The copy you produce must hold every record exactly, and none of the images.

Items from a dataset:
********************

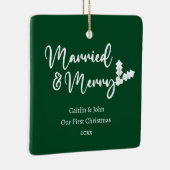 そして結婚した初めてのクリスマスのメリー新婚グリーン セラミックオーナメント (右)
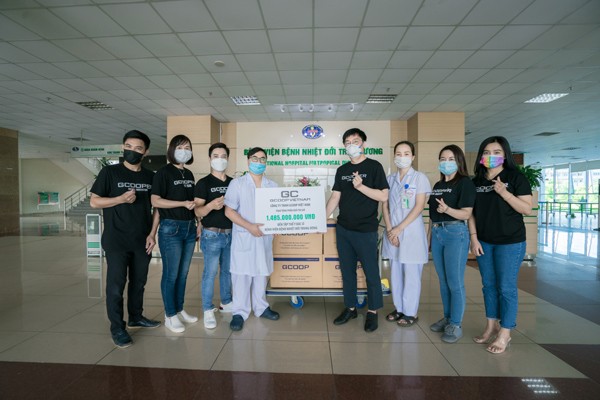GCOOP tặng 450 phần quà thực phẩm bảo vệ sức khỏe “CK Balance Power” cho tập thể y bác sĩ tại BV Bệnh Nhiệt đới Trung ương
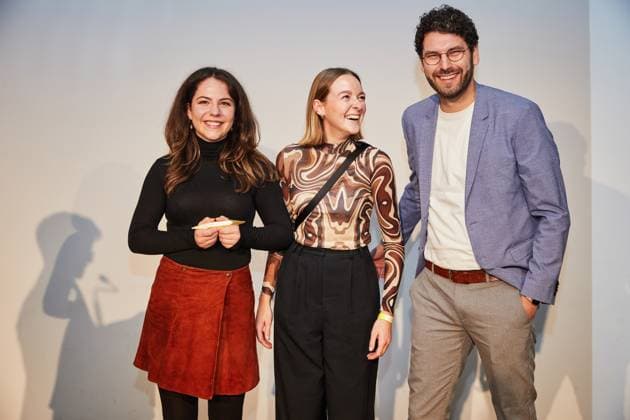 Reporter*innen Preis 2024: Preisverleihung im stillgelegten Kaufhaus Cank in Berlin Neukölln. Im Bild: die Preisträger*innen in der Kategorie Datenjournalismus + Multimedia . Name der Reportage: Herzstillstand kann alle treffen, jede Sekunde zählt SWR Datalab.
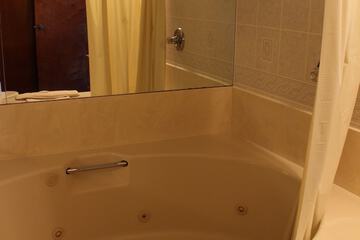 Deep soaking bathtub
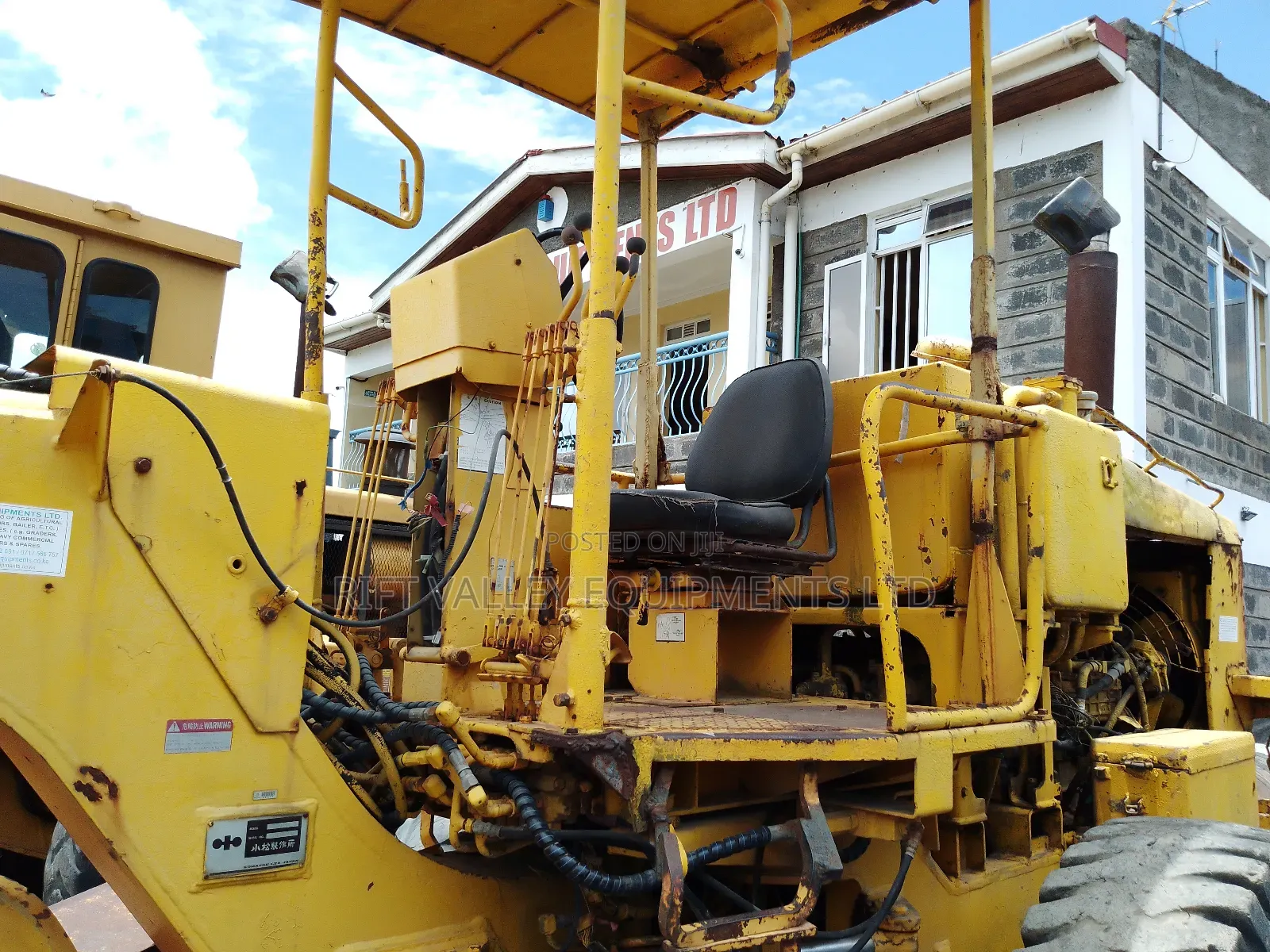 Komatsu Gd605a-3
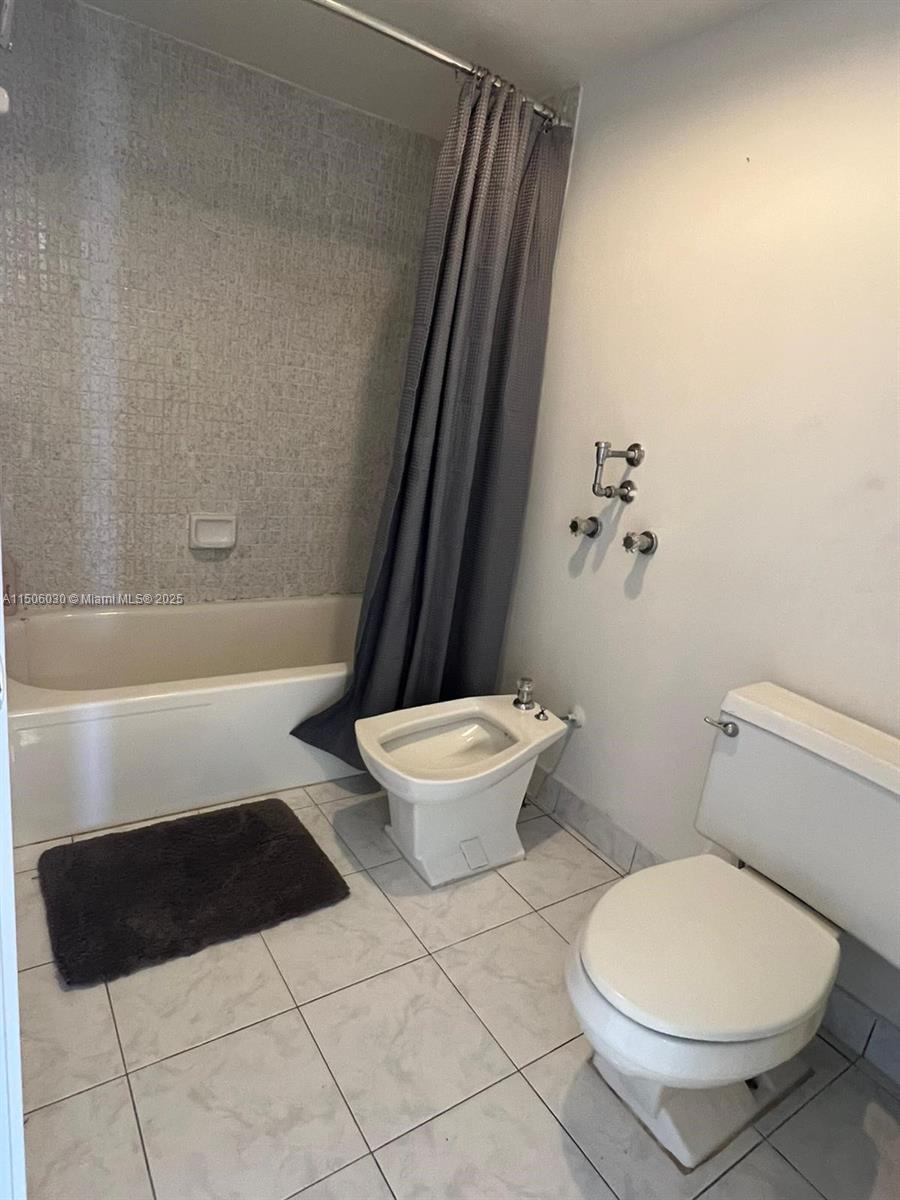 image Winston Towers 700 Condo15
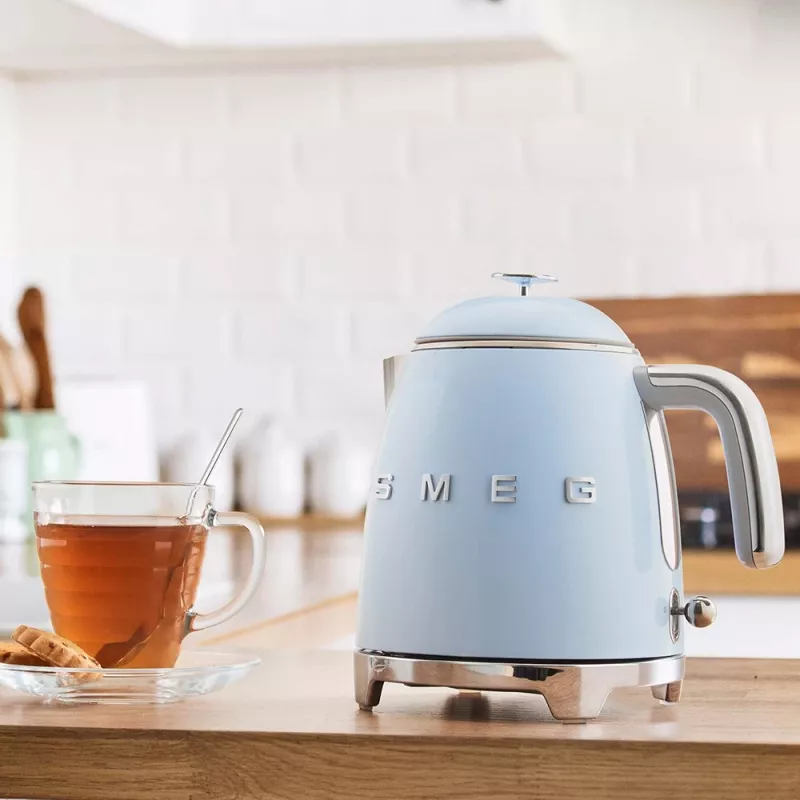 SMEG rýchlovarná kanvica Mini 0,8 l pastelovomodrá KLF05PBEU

********************

OUTPUT OF THE EXERCISE –
 そして結婚した初めてのクリスマスのメリー新婚グリーン セラミックオーナメント (右)
GCOOP tặng 450 phần quà thực phẩm bảo vệ sức khỏe “CK Balance Power” cho tập thể y bác sĩ tại BV Bệnh Nhiệt đới Trung ương
 Reporter*innen Preis 2024: Preisverleihung im stillgelegten Kaufhaus Cank in Berlin Neukölln. Im Bild: die Preisträger*innen in der Kategorie Datenjournalismus + Multimedia . Name der Reportage: Herzstillstand kann alle treffen, jede Sekunde zählt SWR Datalab.
 Deep soaking bathtub
 Komatsu Gd605a-3
 image Winston Towers 700 Condo15
 SMEG rýchlovarná kanvica Mini 0,8 l pastelovomodrá KLF05PBEU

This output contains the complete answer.